***** Dataset content
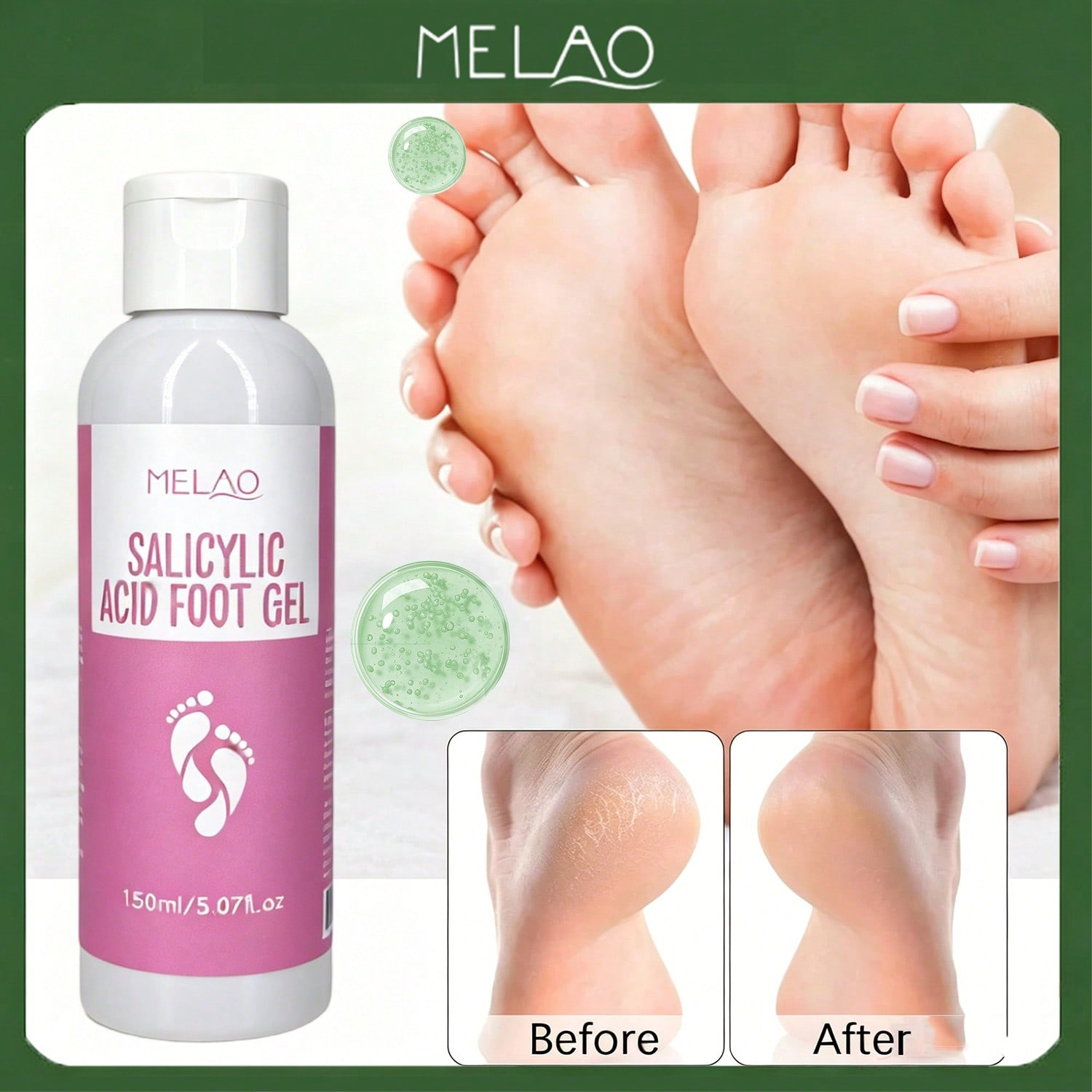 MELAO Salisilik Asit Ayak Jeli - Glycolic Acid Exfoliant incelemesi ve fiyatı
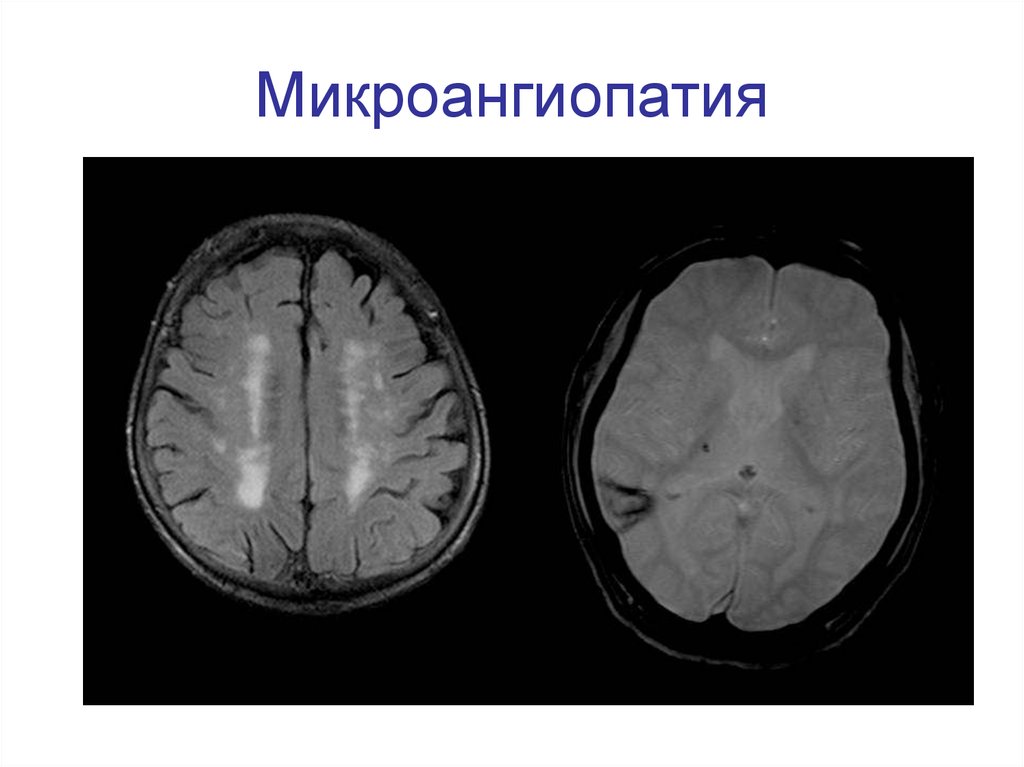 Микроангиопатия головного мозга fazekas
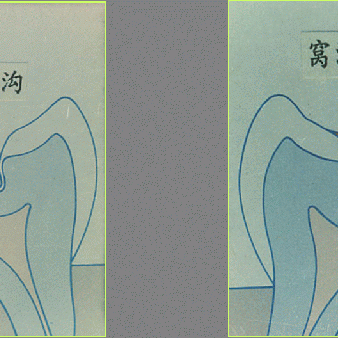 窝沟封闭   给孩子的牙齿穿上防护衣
**********
***** Dataset content
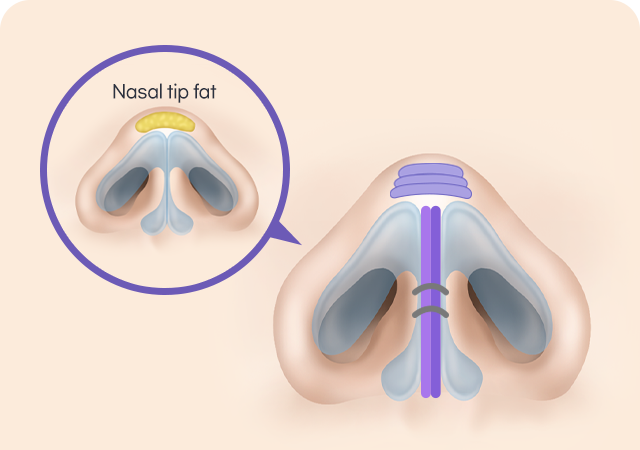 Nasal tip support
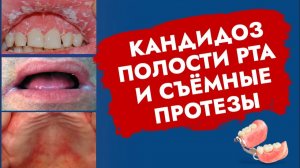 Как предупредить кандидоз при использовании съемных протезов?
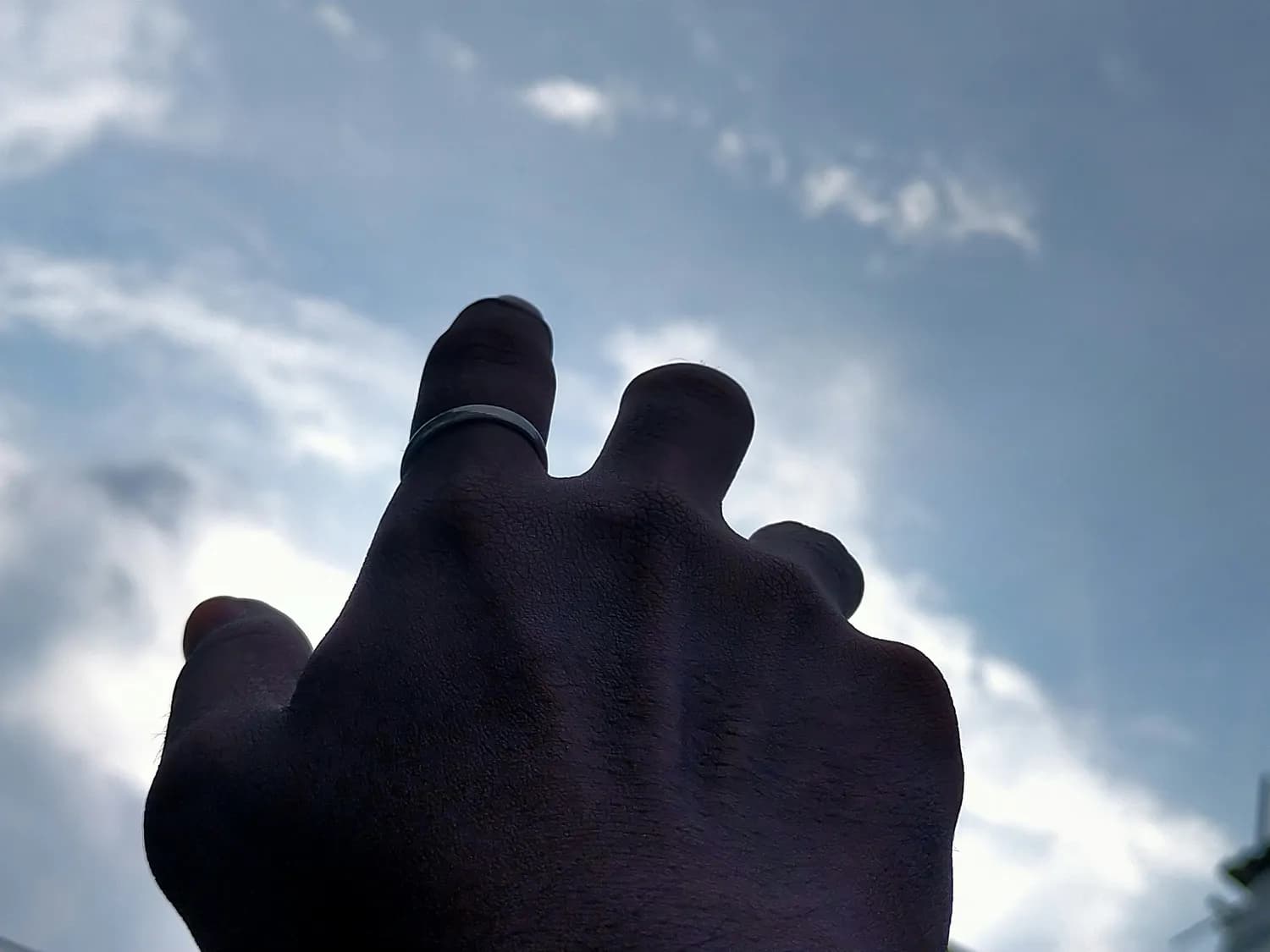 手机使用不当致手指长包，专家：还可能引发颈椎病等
**********
- _Task to carry out_: All pictures are to be skipped. Output, word for word, the lines in the data above starting at the line containing "Как предупредить кандидоз" and ending at the line containing "手机使用不当致手指长包，专家：还可能引发颈椎病等".

- _Answer below_:
 Как предупредить кандидоз при использовании съемных протезов?
 手机使用不当致手指长包，专家：还可能引发颈椎病等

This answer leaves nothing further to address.